Bilindiği üzere işçi ücretleri, bireysel veya toplu iş sözleşmesinde aksine bir hüküm yoksa her ayın sonunda ödenmektedir. 4857 sayılı İş Kanunu’nun 57.maddesine göre işveren, yıllık ücretli iznini kullanan her işçiye, yıllık izin dönemine ilişkin ücretini ilgili işçinin izine başlamasından önce peşin olarak ödemek veya avans olarak vermek zorundadır. Peşin ödenecek ya da avans olarak verilecek tutarların hesabında fazla çalışma ücreti, prim ve sosyal yardımlar dikkate alınmazken; izin süresine rastlayan hafta tatili, ulusal bayram ve genel tatil ücretleri ayrıca ödenmektedir.
İzin ücretleri peşin ödenmeyen işçilerin istifa edip süreci yargıya taşımaları sonrası Bölge adliye mahkemeleri hukuk daireleri kararları arasında peşin ödenmeyen izin ücretlerinin, haklı nedenle fesih sayılıp sayılmayacağı konusunda uyuşmazlık yaşanmış ve bu uyuşmazlık üzerine konu Yargıtay’a intikal etmiştir.

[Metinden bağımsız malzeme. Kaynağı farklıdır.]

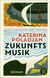 Buchcover von Zukunftsmusik: Roman von Katerina Poladjan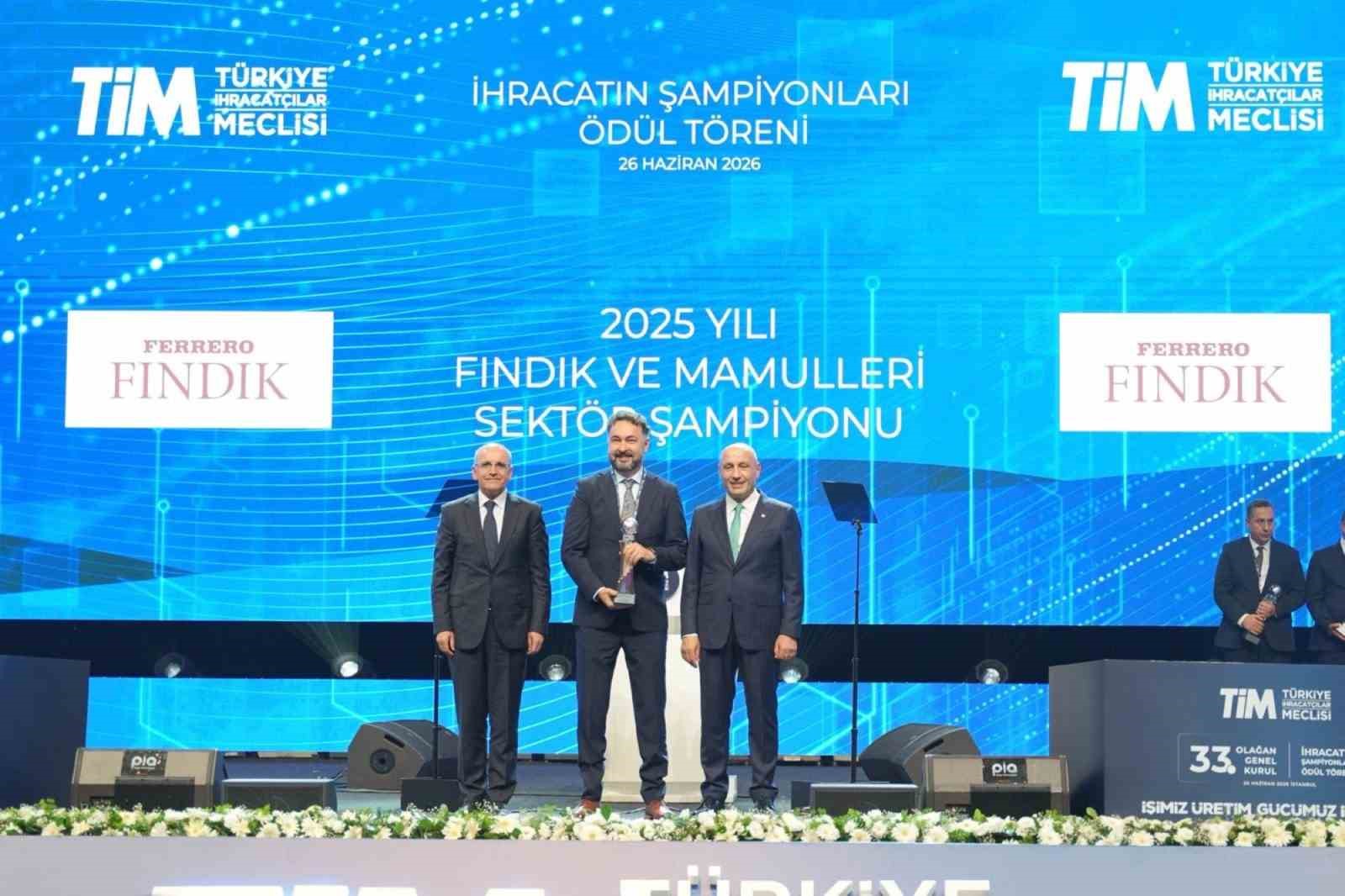 FERRERO FINDIK, FINDIK VE MAMULLERİ SEKTÖRÜNÜN İHRACAT ŞAMPİYONU OLDU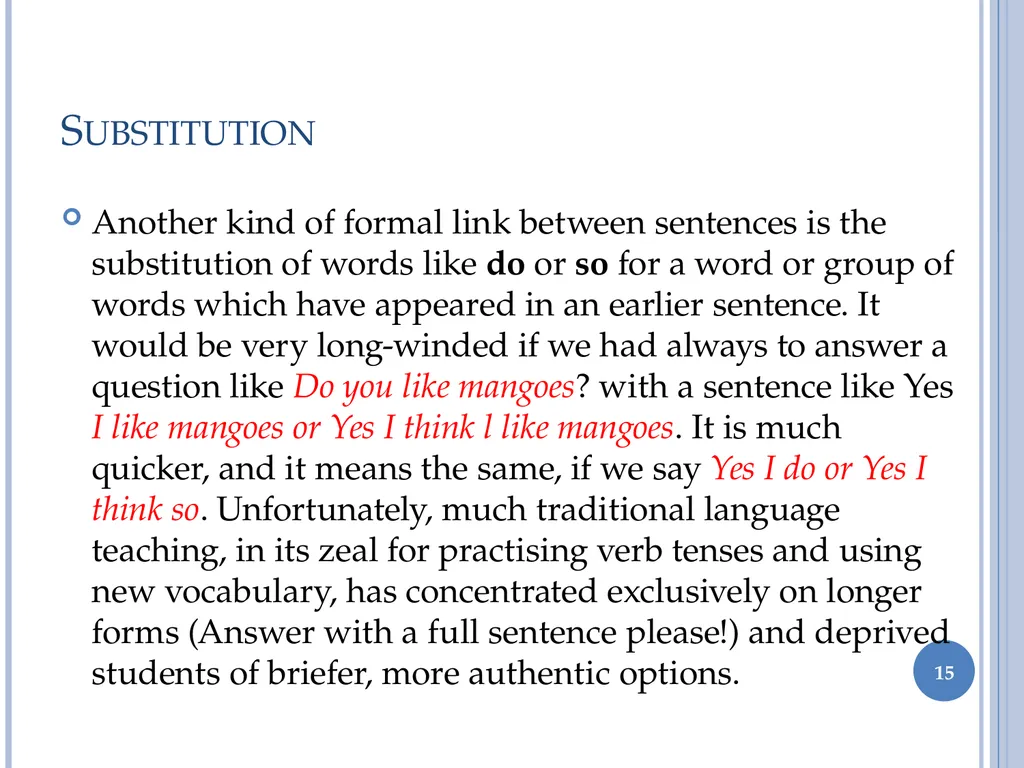 1 Discourse analysis chapter 2 Formal links By Guy - slide 15 of 22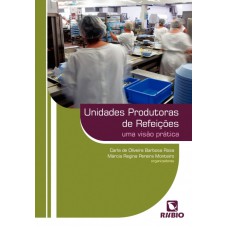 UNIDADES PRODUTORAS DE REFEIÇÕES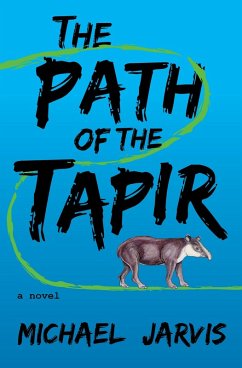 The Path of the Tapir (eBook, ePUB) - Jarvis, Michael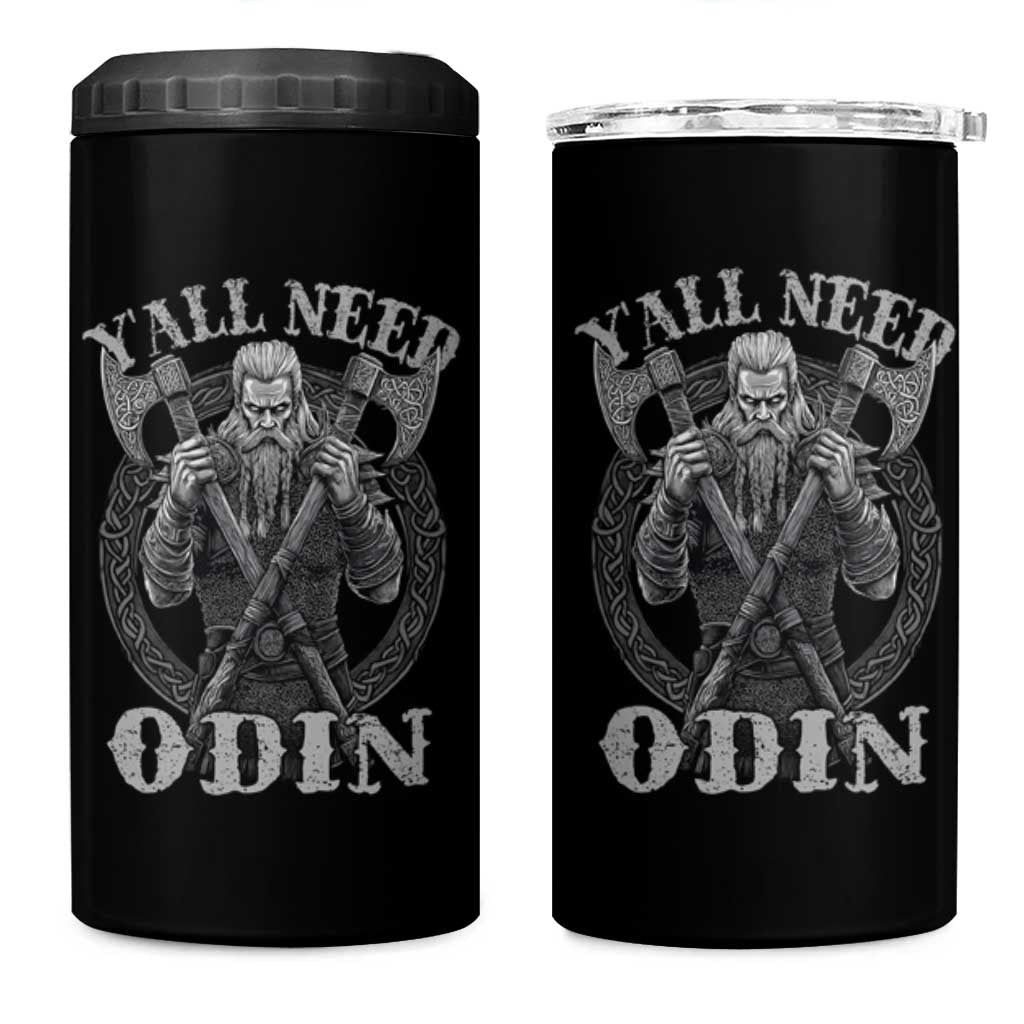 Viking 4 in 1 Can Cooler Tumbler Y'all Need Odin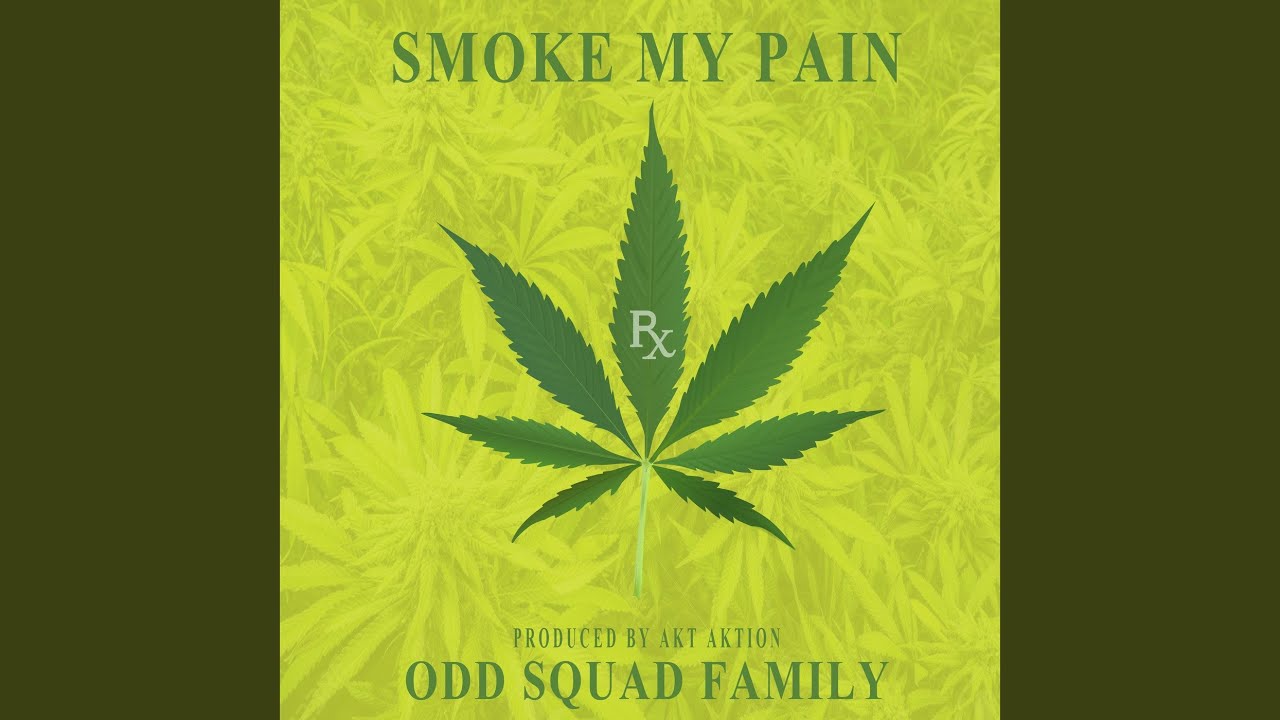 Smoke My Pain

Konuya ilişkin olarak Yargıtay 9.Hukuk Dairesi 2025/24 E. ve 2025/2487 K. Sayılı kararında; işverenin, işçiye yıllık izne çıkmadan önce izne ilişkin ücretini peşin olarak ödemesi veya avans şeklinde vermesi gerektiği belirtilmiştir.
Kararda ayrıca, işverenin bu yükümlülüğe aykırı davranması hâlinde, ücretin zamanında ödenmemesi ve çalışma şartlarına uyulmaması uyarınca haklı nedenle iş sözleşmesinin feshedebileceği ve bu durumda kıdem tazminatına hak kazanılabileceği hüküm altına alınmıştır.
İzin ücretini ödemeyen, yasaya aykırı şekilde ödeyen veya eksik ödeyen işveren hakkında 4857 sayılı İş Kanunu’nun 103. maddesi uyarınca her işçi için ayrı ayrı olmak üzere 2025 yılı itibarıyla 3.837 TL idari para cezası uygulanabilecektir.